1. 1) Show that set {(x,y,z) $\in$ $\Re^3$ : z=0) is a zero subset of $\Re^3$

2) Show that set {(x,y,z,t) $\in$ $\Re^4$ : - $\infty$<x<+ $\infty$, - $\infty$<y<+ $\infty$, - $\infty$<z<+ $\infty$, t $\in$Q) is a zero subset of $\Re^4$

I have these two problems in my Measure Theory lesson... If anyone can help i would appreciate it...

I would be happy if someone tell me something to begin with these exercises if not the full solution...
Especially what i am doing with - $\infty$ < x < + $\infty$

2. Originally Posted by SENTINEL4
1) Show that set {(x,y,z) $\in$ $\Re^3$ : z=0) is a zero subset of $\Re^3$

2) Show that set {(x,y,z,t) $\in$ $\Re^4$ : - $\infty$<x<+ $\infty$, - $\infty$<y<+ $\infty$, - $\infty$<z<+ $\infty$, t $\in$Q) is a zero subset of $\Re^4$
1) Given m, n and k, the box $[m,m+1]\times[n,n+1]\times[-1/k,1/k]$ has volume 2/k. Taking the intersection over all natural numbers k, you see that the set $\{(x,y,z)\in\mathbb{R}^3:m\leqslant x\leqslant m+1,\ n\leqslant y\leqslant n+1,\ z=0\}$ has measure 0. Now take the (countable) union over all integers m and n.

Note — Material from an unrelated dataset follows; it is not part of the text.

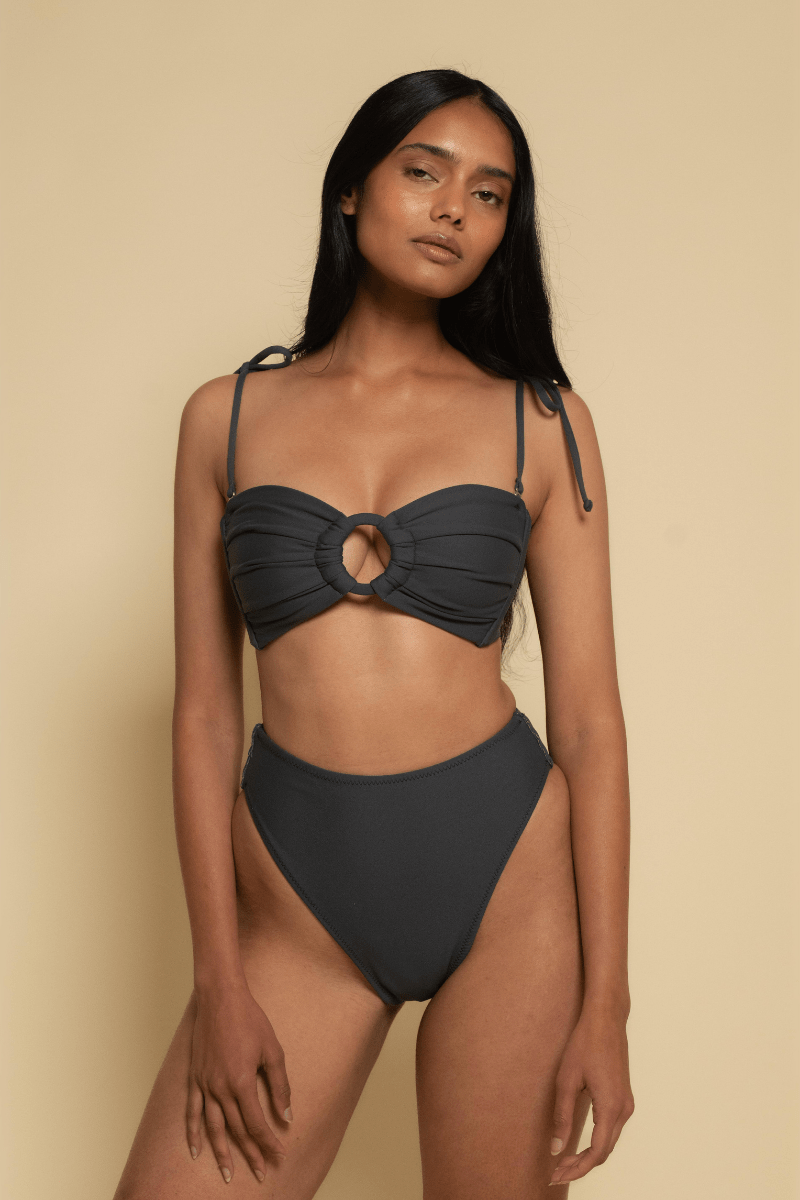 Montce Charcoal Tori Ties Bandeau Bikini Top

2) By the same argument as in 1), the set $\{(x,y,z,t)\in\mathbb{R}^4:z=r\}$ has measure 0, for each rational number r. Now take the union over all such r.

3. In 2), at $\{(x,y,z,t)\in\mathbb{R}^4:z=r\}$ maybe it is t=r instead of z=r ??

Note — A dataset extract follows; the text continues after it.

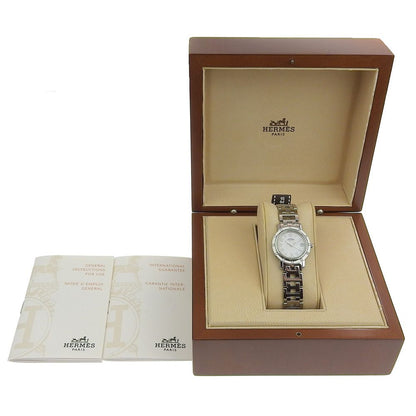 Hermes Clipper Cles Stainless Steel Diamond Silver Quartz Analog Display White — view 7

4. Originally Posted by SENTINEL4
In 2), at $\{(x,y,z,t)\in\mathbb{R}^4:z=r\}$ maybe it is t=r instead of z=r ??
Yes.

5. Originally Posted by Opalg
1) Given m, n and k, the box $[m,m+1]\times[n,n+1]\times[-1/k,1/k]$ has volume 2/k. Taking the intersection over all natural numbers k, you see that the set $\{(x,y,z)\in\mathbb{R}^3:m\leqslant x\leqslant m+1,\ n\leqslant y\leqslant n+1,\ z=0\}$ has measure 0. Now take the (countable) union over all integers m and n.

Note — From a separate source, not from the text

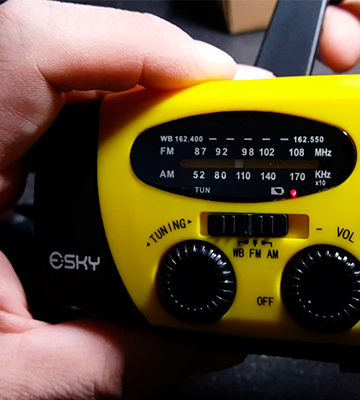 Esky ES-CR01 Portable Emergency Radios Hand Crank Self Powered AM/FM/NOAA Solar Weather Alert Radio with 3 LED Flashlight 1000mAh Power Bank - Bestadvisor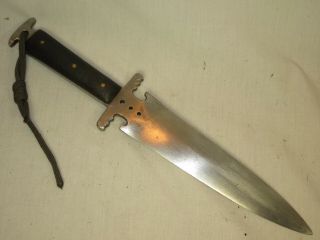 Vintage Fixed Blade Thick Full Tang Knife Dagger Hunting Wood Handle Rivet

2) By the same argument as in 1), the set $\{(x,y,z,t)\in\mathbb{R}^4:z=r\}$ has measure 0, for each rational number r. Now take the union over all such r.
Opalg's eplanation is clear. If I understand Opalg's 1), then by parrallel argument, should 2) be unioned over three indexes?:
2) By the same argument as in 1), the set $\{(x,y,z,t)\in\mathbb{R}^4:t=r\}$ has measure 0, for any rational number r. Now take the (countable) union over all integers m, n and p.